The library ships the typed runtime + the FREE manifest metadata; the GLTF binaries themselves are downloaded at install time from the KayKit upstream GitHub repo by the bootstrap subcommand. The default --out heuristic targets public/assets/models/ (Vite / Next.js convention); see Asset bootstrap for the full workflow including the EXTRA edition and reproducible-build options.
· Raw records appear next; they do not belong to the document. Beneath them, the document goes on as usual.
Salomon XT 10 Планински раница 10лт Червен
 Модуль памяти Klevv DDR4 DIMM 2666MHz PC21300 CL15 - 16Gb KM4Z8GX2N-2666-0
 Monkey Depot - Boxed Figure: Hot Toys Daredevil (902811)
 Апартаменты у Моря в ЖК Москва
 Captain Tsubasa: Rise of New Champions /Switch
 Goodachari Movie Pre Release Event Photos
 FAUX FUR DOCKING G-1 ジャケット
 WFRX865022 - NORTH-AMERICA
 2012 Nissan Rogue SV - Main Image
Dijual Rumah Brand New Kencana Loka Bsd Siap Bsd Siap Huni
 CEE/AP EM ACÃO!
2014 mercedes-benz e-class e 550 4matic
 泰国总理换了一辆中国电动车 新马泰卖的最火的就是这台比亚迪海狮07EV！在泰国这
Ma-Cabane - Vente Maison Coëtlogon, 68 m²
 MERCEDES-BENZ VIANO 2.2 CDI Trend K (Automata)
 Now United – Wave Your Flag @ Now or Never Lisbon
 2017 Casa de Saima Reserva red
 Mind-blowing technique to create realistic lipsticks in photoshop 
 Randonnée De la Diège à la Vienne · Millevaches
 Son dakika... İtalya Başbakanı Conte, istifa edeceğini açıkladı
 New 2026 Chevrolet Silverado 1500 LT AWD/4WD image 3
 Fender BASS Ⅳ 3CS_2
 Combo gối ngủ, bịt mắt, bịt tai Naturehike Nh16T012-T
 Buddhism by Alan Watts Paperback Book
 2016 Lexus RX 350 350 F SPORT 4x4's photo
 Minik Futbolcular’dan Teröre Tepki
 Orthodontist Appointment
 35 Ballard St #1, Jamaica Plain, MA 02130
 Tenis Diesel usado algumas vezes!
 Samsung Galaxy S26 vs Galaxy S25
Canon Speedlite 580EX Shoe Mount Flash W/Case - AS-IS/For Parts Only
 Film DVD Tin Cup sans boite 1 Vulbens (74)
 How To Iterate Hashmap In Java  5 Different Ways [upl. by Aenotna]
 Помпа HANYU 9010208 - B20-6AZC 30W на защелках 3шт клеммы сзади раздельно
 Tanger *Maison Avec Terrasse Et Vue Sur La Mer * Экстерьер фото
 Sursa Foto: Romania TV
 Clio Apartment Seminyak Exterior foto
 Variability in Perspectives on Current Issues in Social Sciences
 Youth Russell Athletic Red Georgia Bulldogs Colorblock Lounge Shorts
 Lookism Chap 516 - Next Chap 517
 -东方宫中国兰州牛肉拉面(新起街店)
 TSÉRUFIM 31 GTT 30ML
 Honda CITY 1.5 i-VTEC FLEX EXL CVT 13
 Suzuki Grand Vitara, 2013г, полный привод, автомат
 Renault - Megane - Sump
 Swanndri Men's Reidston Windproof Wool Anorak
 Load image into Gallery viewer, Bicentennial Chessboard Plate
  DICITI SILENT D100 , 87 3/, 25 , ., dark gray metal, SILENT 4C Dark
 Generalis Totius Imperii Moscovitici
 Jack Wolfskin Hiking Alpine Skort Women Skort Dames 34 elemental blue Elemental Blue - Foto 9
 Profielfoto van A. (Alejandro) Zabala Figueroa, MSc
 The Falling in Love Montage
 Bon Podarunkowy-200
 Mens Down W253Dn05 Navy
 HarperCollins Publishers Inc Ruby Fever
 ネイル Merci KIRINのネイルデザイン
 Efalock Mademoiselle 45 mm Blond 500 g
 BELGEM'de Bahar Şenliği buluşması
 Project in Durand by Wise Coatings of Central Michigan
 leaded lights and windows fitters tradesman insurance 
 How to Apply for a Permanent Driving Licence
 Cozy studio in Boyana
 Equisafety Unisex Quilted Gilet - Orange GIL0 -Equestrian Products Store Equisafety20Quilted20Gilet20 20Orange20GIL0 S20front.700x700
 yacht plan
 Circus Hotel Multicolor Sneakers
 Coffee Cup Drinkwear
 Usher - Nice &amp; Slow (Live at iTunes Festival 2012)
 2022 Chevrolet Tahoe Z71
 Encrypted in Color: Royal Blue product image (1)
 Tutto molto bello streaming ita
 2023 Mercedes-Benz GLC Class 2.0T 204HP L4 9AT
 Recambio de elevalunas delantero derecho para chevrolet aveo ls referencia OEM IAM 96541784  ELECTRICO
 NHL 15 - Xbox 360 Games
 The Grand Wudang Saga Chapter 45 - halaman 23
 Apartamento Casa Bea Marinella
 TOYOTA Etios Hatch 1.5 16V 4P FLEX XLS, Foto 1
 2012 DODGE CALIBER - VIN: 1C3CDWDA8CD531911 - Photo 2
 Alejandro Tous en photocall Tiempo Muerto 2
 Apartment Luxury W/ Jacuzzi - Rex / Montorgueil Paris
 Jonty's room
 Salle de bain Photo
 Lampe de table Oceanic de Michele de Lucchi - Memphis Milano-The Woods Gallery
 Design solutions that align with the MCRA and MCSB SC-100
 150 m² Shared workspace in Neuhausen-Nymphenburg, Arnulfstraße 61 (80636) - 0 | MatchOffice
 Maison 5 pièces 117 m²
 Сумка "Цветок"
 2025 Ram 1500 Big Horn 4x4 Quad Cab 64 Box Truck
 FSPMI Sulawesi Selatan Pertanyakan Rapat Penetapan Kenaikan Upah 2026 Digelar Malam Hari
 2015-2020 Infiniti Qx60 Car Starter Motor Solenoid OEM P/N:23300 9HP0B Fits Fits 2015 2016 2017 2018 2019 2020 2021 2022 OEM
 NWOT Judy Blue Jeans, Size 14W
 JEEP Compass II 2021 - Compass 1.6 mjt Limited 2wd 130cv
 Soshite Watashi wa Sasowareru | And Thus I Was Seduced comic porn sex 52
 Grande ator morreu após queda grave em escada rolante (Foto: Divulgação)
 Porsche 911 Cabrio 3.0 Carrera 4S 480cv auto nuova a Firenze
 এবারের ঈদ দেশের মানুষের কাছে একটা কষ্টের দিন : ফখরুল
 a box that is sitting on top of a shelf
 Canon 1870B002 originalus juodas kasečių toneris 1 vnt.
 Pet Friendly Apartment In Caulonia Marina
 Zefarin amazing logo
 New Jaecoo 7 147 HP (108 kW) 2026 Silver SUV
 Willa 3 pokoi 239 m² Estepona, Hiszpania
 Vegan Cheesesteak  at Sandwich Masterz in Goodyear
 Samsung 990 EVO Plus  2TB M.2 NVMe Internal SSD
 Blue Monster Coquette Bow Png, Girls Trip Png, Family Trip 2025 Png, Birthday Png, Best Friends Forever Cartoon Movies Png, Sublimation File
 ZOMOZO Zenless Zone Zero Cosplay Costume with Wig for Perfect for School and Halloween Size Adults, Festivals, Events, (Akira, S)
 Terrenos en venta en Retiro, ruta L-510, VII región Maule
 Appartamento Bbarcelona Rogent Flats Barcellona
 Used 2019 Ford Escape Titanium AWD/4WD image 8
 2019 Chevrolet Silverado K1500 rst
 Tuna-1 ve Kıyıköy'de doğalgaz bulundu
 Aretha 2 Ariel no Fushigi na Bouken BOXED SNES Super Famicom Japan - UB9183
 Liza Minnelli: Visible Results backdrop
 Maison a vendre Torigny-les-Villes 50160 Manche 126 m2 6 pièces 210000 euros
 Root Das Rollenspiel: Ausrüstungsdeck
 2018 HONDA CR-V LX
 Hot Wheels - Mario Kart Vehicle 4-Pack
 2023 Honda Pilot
After bootstrap, your asset tree looks like:

public/assets/models/addons/kaykit_medieval_hexagon_pack/
├── Assets/gltf/... # 221 .gltf + .bin files
├── Textures/...
└── .bootstrap.json # integrity sidecar

2. Point the runtime at your bootstrap target

Section titled “2. Point the runtime at your bootstrap target”
import { setGameboardAssetRoot } from 'declarative-hex-worlds';
// Call once at app boot:
setGameboardAssetRoot('/public/assets/models');

Or set HEX_WORLDS_ASSET_ROOT in your environment — the runtime falls through override → globalThis → process.env → 'public/assets/models' default.

import {
buildGameboardBlueprint,
createGameboardWorldFromScenario,
} from 'declarative-hex-worlds';
// One-call: shape + seed → fully populated scenario.
const { scenario } = buildGameboardBlueprint({
shape: { kind: 'rectangle', width: 12, height: 8 },
seed: 'tutorial-island',
});
// Spawn into a Koota world with traits, occupancy, navigation graphs, etc.
const runtime = createGameboardWorldFromScenario(scenario);

buildGameboardBlueprint compiles biome fills, mountain ranges, towns, roads, rivers, harbors, and prop clusters into a GameboardScenario that the Koota runtime can spawn deterministically from a seed.

4. Render with the React + Three.js bindings

Section titled “4. Render with the React + Three.js bindings”
import { Canvas } from '@react-three/fiber';
import { GameboardScene } from 'declarative-hex-worlds/react';
export function App({ runtime }: { runtime: GameboardRuntime }) {
return (
<Canvas camera={{ position: [0, 12, 18], fov: 50 }}>
<ambientLight intensity={0.4} />
<directionalLight position={[10, 20, 10]} intensity={1.5} />
<GameboardScene runtime={runtime} />
</Canvas>
);
}

React + Three.js are first-class runtime dependencies (not optional peers), so the bindings work without any extra installs.